Being a dietitian has its challenges. In the U.S. at least, when I share that I am a nutritionist I find people analyzing my shopping basket, commenting on my meal choices, and justifying their own. People ask my opinion on fad diets, super foods, and the all-time favorite “how to lose weight”.
I’m returning from my second trip to Paris and found the city especially energizing. My husband and I walked about 8 hours every day, tried a new restaurant every day (and sometimes twice daily), enjoyed incredible pastries, and ended every night in our tiny apartment anticipating the next morning like a kid for Christmas.
Food in Paris is an anticipated treat. People eat with enthusiasm and take their time with any and all edibles from an espresso to a five course meal. Cheeses fill stores with their dozens of varieties, butter is the fat of choice, and breakfast is coffee and a croissant. Foie Gras, quiche, and brie are atop many a plate. Ingredients are full-fat. Bread is white.
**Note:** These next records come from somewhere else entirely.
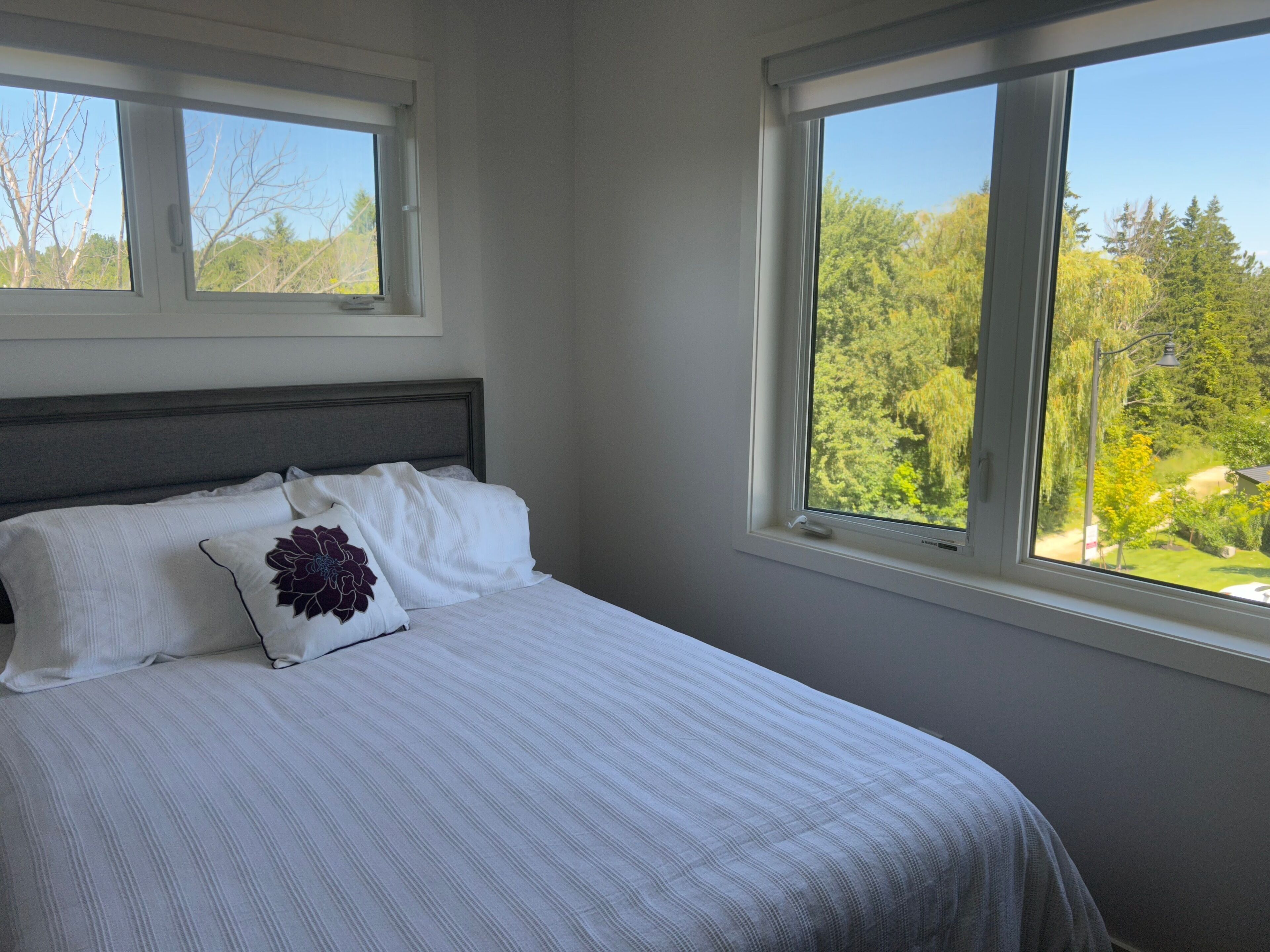 3 bedrooms, WiFi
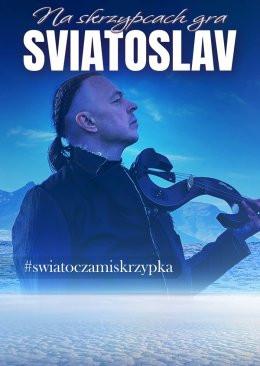 Gdańsk Wydarzenie Koncert SVIATOSLAV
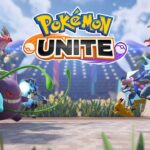 Pokémon Unite APK Free Download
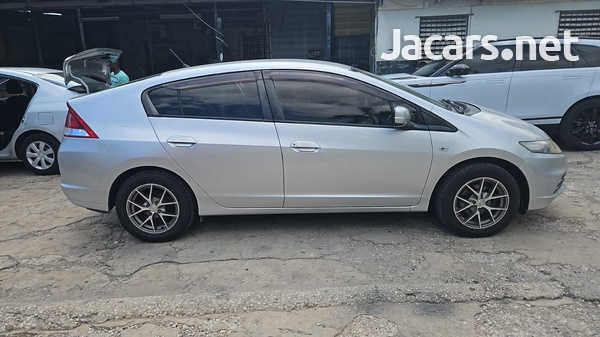 Honda Insight 1,5L 2012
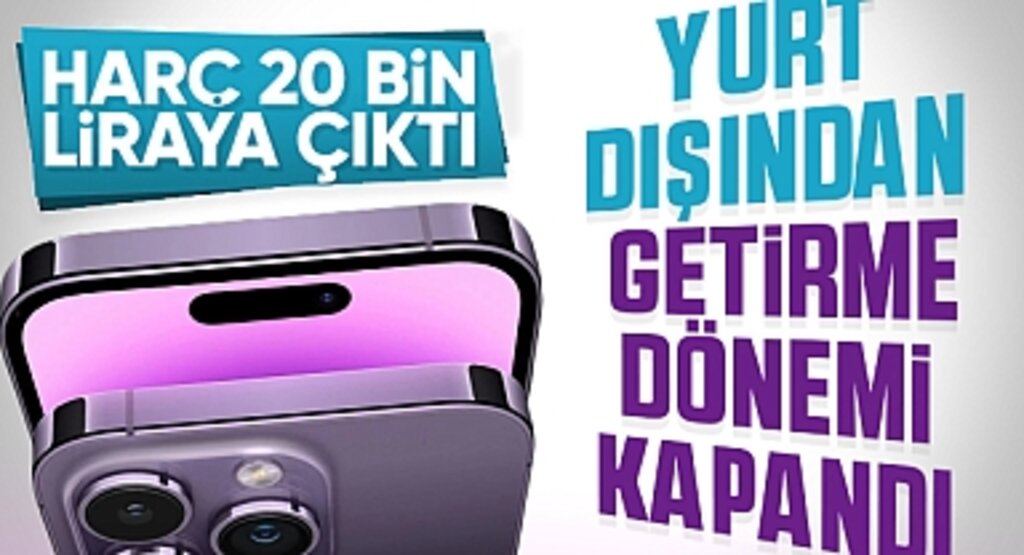 KDV Oranları Yükseltildi ve Yolcu Beraberinde Getirilen Telefon Harcı Artırıldı!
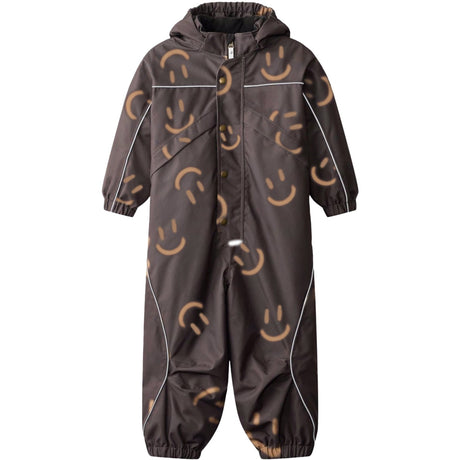 Molo Autumn Happy Polaris Junior Flyverdragt
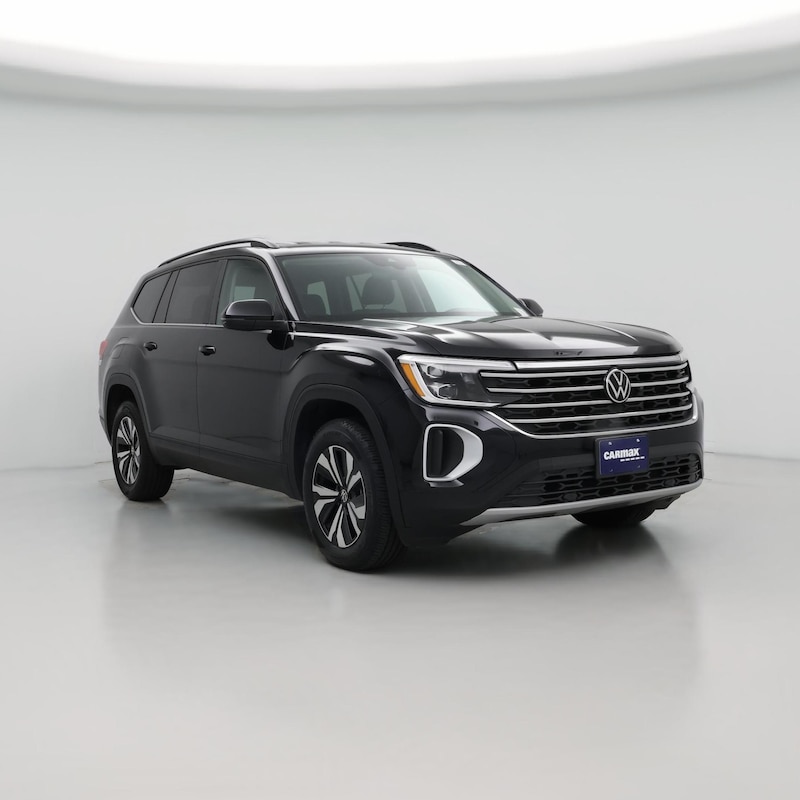2024 Volkswagen Atlas SE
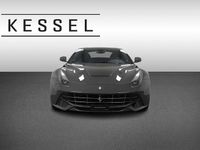 Gebraucht Ferrari F12 736 PS (541 kW) 2013 Grau Coupé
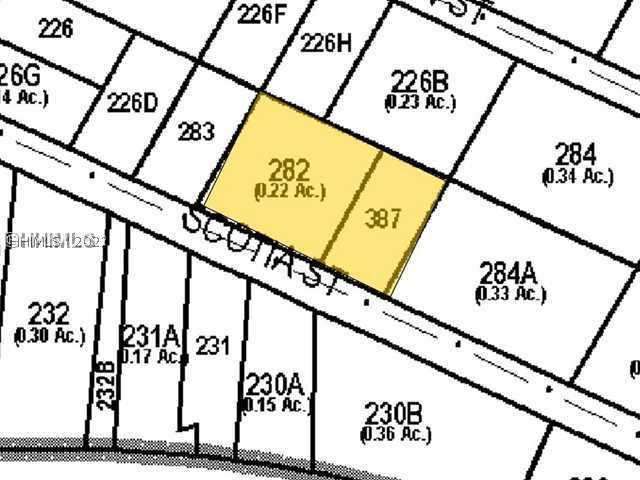 [Address Hidden by Seller], Bluffton, SC 29910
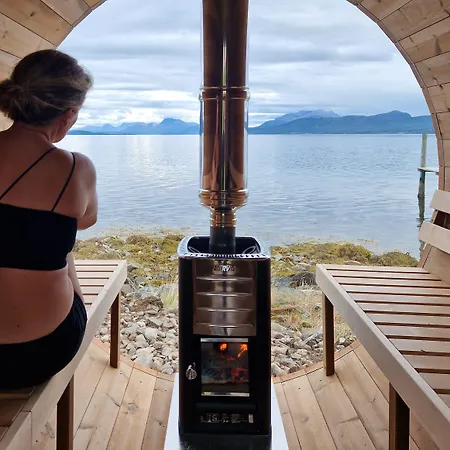 Yggdrasil Farmhotel Retreat, & Yoga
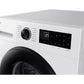 Samsung WW10FG5U34AEEU 10kg 1400 spin Washing Machine - White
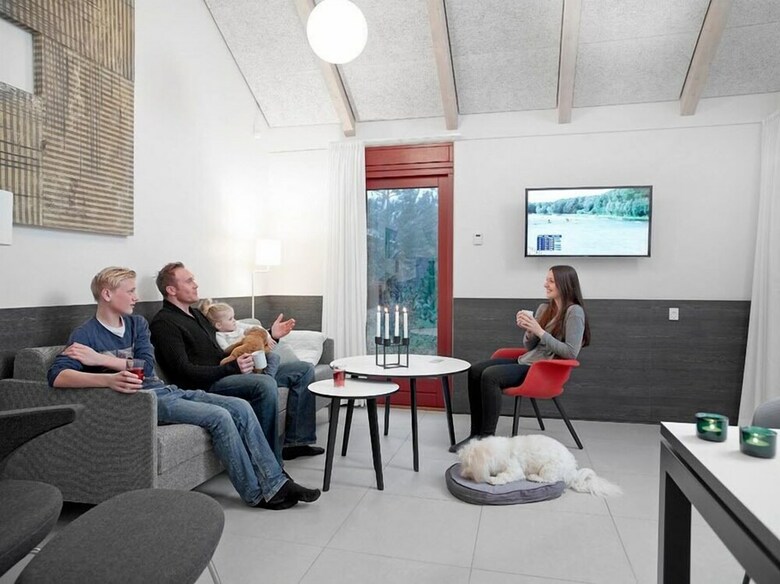 Apartamentos Dronningens Ferieby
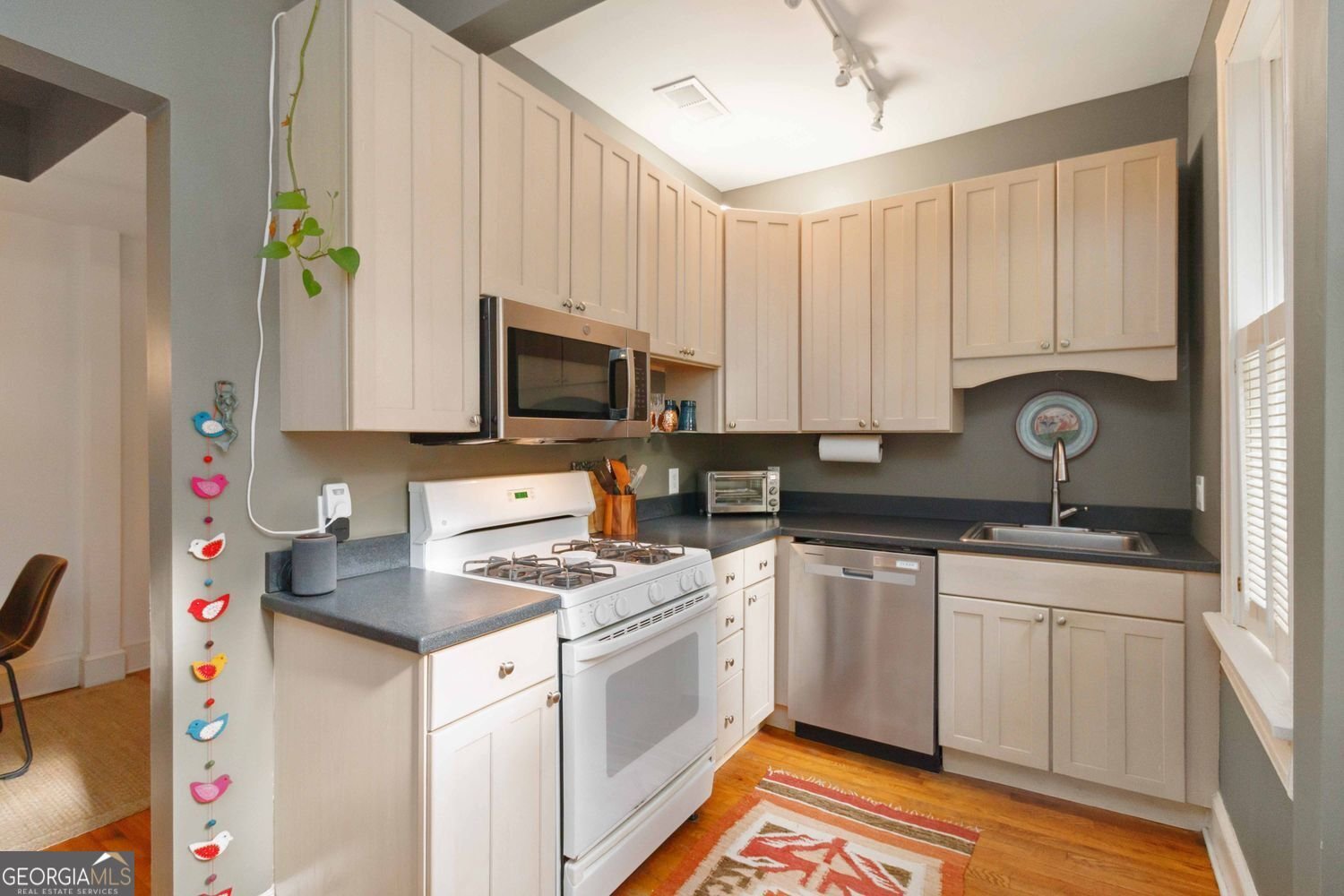 1166 Virginia Avenue Northeast Avenue Atlanta - 13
I imagine that while the French are savoring their truly savory meals, they are talking about how the flavors meld on their tongue, how the fish is perfectly seared, and deciding what they will have for dessert.
Things are different in France. The Parisians break most rules I learned in school and the American culture about how to promote health. They enjoy a good smoke and a rich meal. Salads are a starter, not a main course. I never saw a gym in my miles of walking and only saw a handful of people out for a jog.
I got to think a lot about food and how I as Michaela and as an American relate to it. My thoughts went from amazement of the food I saw on others’ dinner plates to wonder at the discrepancy between what people ate and their weight to curiosity about my own food-related judgments. It was refreshing to escape for a time from our culture’s eating disorder. No apologies for having crème brûlée. No asking for dressing on the side. No guilt for eating, and yes enjoying, refined flour and white sugar.
As the Parisians, I see food as much more than fuel–it is a celebration meant to be acknowledged, relished, and shared. Health as an obsession has no place here. We can be happy and healthy and enjoy good food.